Congressman Hoyer continues to fight for expanded contracting opportunities for disadvantaged communities, minorities, and women, as well as shared economic growth and job creation throughout Maryland.
Will keep fighting for expanded contracting opportunities for disadvantaged communities, minorities, and women.
Occurrences
Evidence
"Congressman Hoyer continues to fight for expanded contracting opportunities for disadvantaged communities, minorities, and women, as well as shared economic growth and job creation throughout Maryland."
"U.S. Senators Ben Cardin and Chris Van Hollen and Congressmen Steny H. Hoyer, Dutch Ruppersberger, John Sarbanes, Kweisi Mfume, Anthony G. Brown, Jamie B. Raskin and David Trone ... announced today that three Maryland-based community financial institutions will receive a combined $86.6 million ... to help low-income and minority borrowers. Funded through the Consolidated Appropriations Act, 2021, which was supported by all Democratic members of Team Maryland..."
The page directs small businesses to official federal contracting resources, including "Government Benefits, Grants, and Financial Aid" and "FedBizOpps.gov" for business, contracting, and procurement opportunities with the federal government.
Assessments
Hoyer has continued to support and publicize federal resources and funding aimed at underserved, minority, and disadvantaged communities, including enacted appropriations-backed investments and constituent-facing business opportunity resources. However, the evidence does not show that he delivered a specific expansion of federal contracting opportunities for disadvantaged communities, minorities, and women, nor that he authored or materially advanced a contracting-focused law or program that achieved the promised outcome. This supports partial credit for continued advocacy and related economic-access efforts, but not full delivery.

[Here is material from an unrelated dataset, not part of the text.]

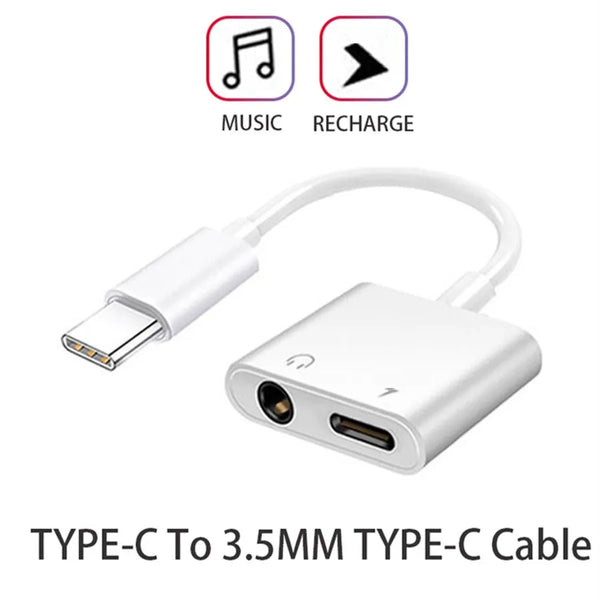 Aux / Video Cables #29 = 2 in 1 Type c to USB-C 3.5MM Jack Audio Charger Splitter Adapter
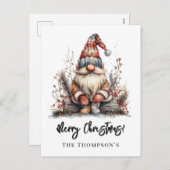 Scandinavische Gnoom Zittend op een Log Feestdagenkaart (Voorkant / Achterkant)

The promise is phrased as an ongoing commitment to keep fighting for expanded contracting opportunities for disadvantaged communities, minorities, and women. The evidence shows Hoyer supported related federal funding for minority and underserved communities and maintained constituent resources pointing businesses toward federal contracting opportunities. However, the record provided does not show a specific enacted contracting expansion, procurement set-aside, statutory change, or executive outcome directly attributable to Hoyer that fulfilled the core contracting-opportunities promise. This supports partial fulfillment through advocacy and adjacent economic-access actions, but not full delivery.